Partita persa anche sulla scacchiera – Lo spareggio di ieri con l’Uruguay è stato, purtroppo, letto male da Cesare Prandelli. Il tecnico di Orzinuovi ha optato per l’inserimento di Parolo per sostituire il claudicante Balotelli, acciaccato dopo lo 0-0 dei primi 45’. La carta Parolo, nonostante la bella partita per quantità del centrocampista in forza al Parma, è apparsa un segnale chiaro di chiusura in difesa già dopo il primo tempo. Un’Italia chiusa in difesa per l’intera durata della ripresa ha fatto il gioco dell’Uruguay di Tabarez, accorto nei primi 45’ e pronto a giocarsi il tutto per tutto nella ripresa.
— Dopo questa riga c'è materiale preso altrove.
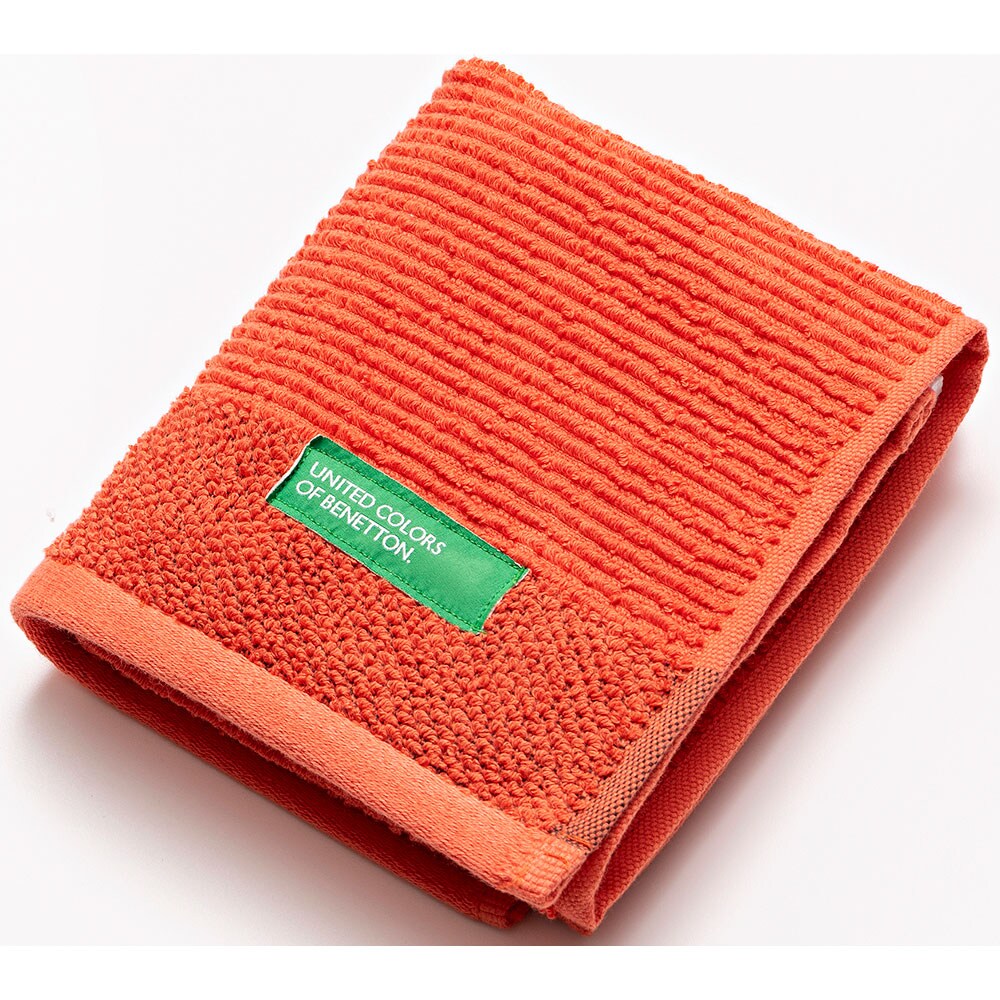 Set 3 prosoape baie Benetton Rainbow, 70 x 140 cm, 50 x 90 cm, 30 x 50 cm, bumbac, rosu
La solitudine cronica nella quale si è trovato Ciro Immobile è stata sintomatica di un credo tattico, quello di Prandelli, finalizzato alla difesa strenua del pareggio. Il capocannoniere dell’ultima Serie A ha corso come un matto lungo tutto il fronte offensivo e ha dovuto lasciare il campo al 71’ perché non aveva più birra nelle gambe. La sostituzione di Ciro Immobile è stata l’altro cambio discutibile: Prandelli ha inserito Cassano per mantenere il possesso del pallone a centrocampo quando sarebbe stata più proficua una soluzione dal passo facile come Cerci o Insigne, soluzione che si sarebbe rivelata importante anche nel disperato forcing finale dopo il vantaggio di Godìn, per giunta arrivato anche dopo il terzo cambio italiano (Thiago Motta per il bravissimo Verratti). In questo contesto di pochezza tecnico-tattica, il nome di Florenzi, centrocampista con il vizio del gol e con tantissima quantità da apportare alla squadra, riecheggia forte nelle orecchie degli addetti ai lavori. In più, le condizioni fisiche di “Pepito” Rossi erano peggiori di quelle di Cassano? Domenico Criscito è definitivamente tagliato fuori dal gruppo azzurro? Sarebbe stato il caso pensare a una naturalizzazione di Jonathan, tra i migliori terzini della Serie A? Dalle risposte a questi interrogativi, e dai giovani rampanti dei settori giovanili in progetti a lungo termine, deve ripartire la nostra Nazionale, a oggi senza vertice e senza allenatore.